I am looking for a moderately sized tortoise, I don't care if it gets up to say 15" in length, One that can stand fluctuating humidity, in the 40% to the 80% range... One that easy to feed, for example does well on say grass :with a few things thrown in: if I let it roam in an enclosed area of the yard... and one that isn't overly shy...one that comes out and isnt afraid to do tortoise things around me  

At first I wasn't considering red foots but now for some reason I am.... can they not stand under a certain % humidity?


----------



## bettinge (Aug 19, 2009)

XxDarkEuphoriaxX said:


> hrm I see. Is the marginated tortoise something that is similar in care? which out of all of the above can deal with humidity the best? :that is in the 70's %: Which gets the largest?




A Marginated is similar care and envirement as the Hermanns, Russian, greek!

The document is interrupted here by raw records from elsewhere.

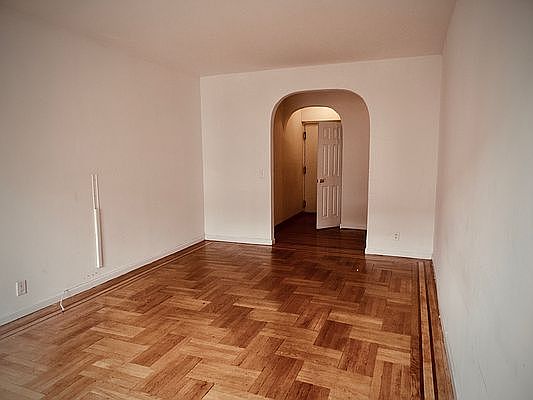 3rd image of 97 Brooklyn Ave APT 2M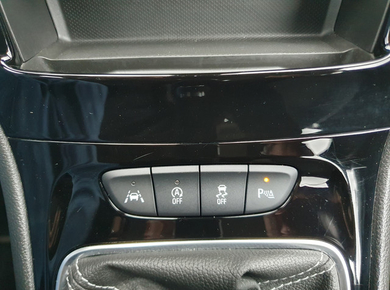 Opel Astra Sports Tourer 1.2 Elegance NAVI/PDC/CRUISE/CLIMA/LMV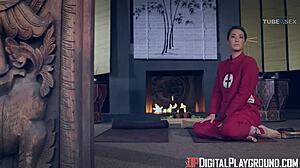 HD video Dani Daniels so zvodným orálnym sexom a uctievaním zrelých zadkov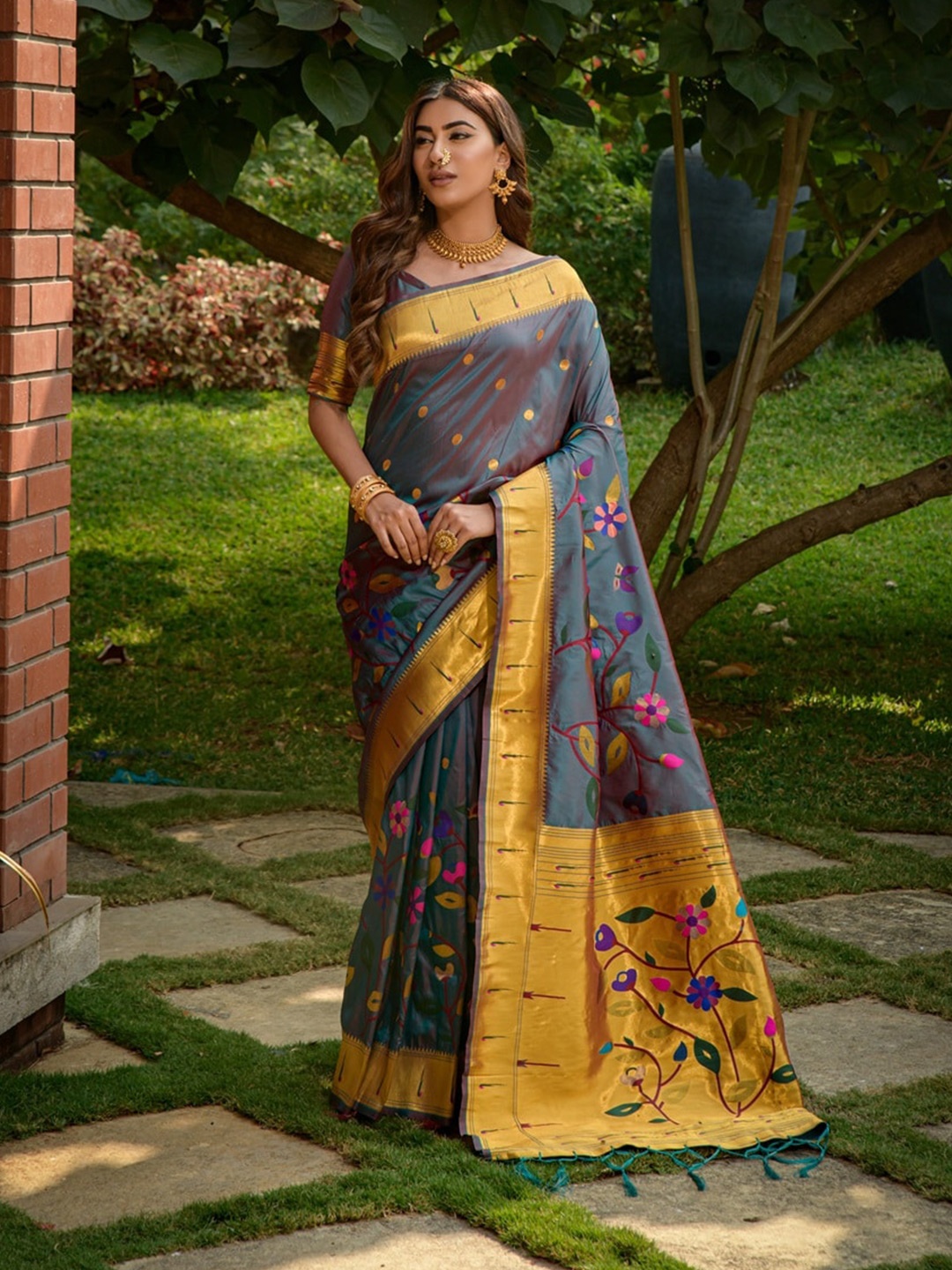 

CANIZZARO Woven Design Ethnic Motifs Zari Pure Silk Paithani Saree, Teal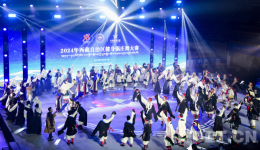 冬日里的“圆圈舞”：2024年西藏自治区健身锅庄舞大赛精彩上演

I think Red Foots are shy, someone please correct me if thats not the case!


----------



## Meg90 (Aug 19, 2009)

You understand of course, that a tortoise of 15 inches is considered large? And that to house a tortoise of that size, you would need an enclosure that is 15sq ft minimum? One inch of the tortoise's shell should equate 1 sq ft of space. It will need an enclosure indoor, as well as out. You can't just turn it loose in a yard. They are excellent escape artists.

And no tortoise should be fed straight grass. There is no species out there that eats plain grass. They are not cows....

Greeks are wonderful tortoises. I have two myself.

I am not understanding _why_ all these species "do not interest" you. Other, rarer, species of tortoise maybe different looking, but they all behave basically the same. 

Pretty shy, love to eat, not huge on the human interaction front, and big sleepers. No matter what the species is, that is the norm for them. Age doesn't play much of a part in it either.....babies and adults all have the same behaviors.


----------



## chadk (Aug 20, 2009)

I'm enjoying all my torts are turtles. They are each unique. Even within the same species they have unique personalities.

So far, I'm really enjoying my sulcatas the most. They are the most challenging in some ways, but also the most 'entertaining'. I look out my garden window and see the little one in his pen always moving around exploring. The big fella is wandering the yard nomming on weeds. The big one will come to me when I come in and follow me around. But he's 34lbs and needs LOTS of room. I'll also have to build him a bigger and better heated tort shed for the winter. He's too big to be in the house.

My Russian has decided he likes the outdoor pen I have him in. He likes the natural grass and earth floor so much that he burrows and I almost never see him anymore. Not sure if that will change - but he's been super boring compared to all the others since I moved him outside this summer.

My box turtles are a little better. They like to dig down or find a nice cool hiding spot and chill most of the day. But I see them 2 to 3 times a day out forageing, eating, soaking, etc. My new 3 toed is still pretty shy and I see him only as much as my Russsian. So both of them are on the 'boring' list for now. Don't get me wrong, I love them all, but some are just more active and willing to interact than others. Some will come up and beg for treats and eat from your hand, others will only eat if they are not being watched. Some you never see, others are always on the go. Just depends on what you want. I'm lucky in that I can have several types and learn to appreciate each on their own merrits.


----------



## DoctorCosmonaut (Aug 20, 2009)

bettinge, Redfoots are not shy at all! The few I know love to explore, are curious, and are quite active. They just are shy at first. But they have wonderful personalities. 

As far as size, expect females to be between 12-14" and males can be 15"+


----------



## XxDarkEuphoriaxX (Aug 20, 2009)

i was under the impression that redfoots only got about 6-8" long .... hrmmm


----------



## Meg90 (Aug 20, 2009)

some species stay smaller. Cherry heads, are the littler ones. But females of almost every tortoise species get larger than the males (gotta have space to put those eggs)

Red foot girls can get quite large. Where are you located? I know of a few larger RF that are up for adoption, quite reasonably. 

Even Greek girls get up to 8-10 inches (Russians too)


----------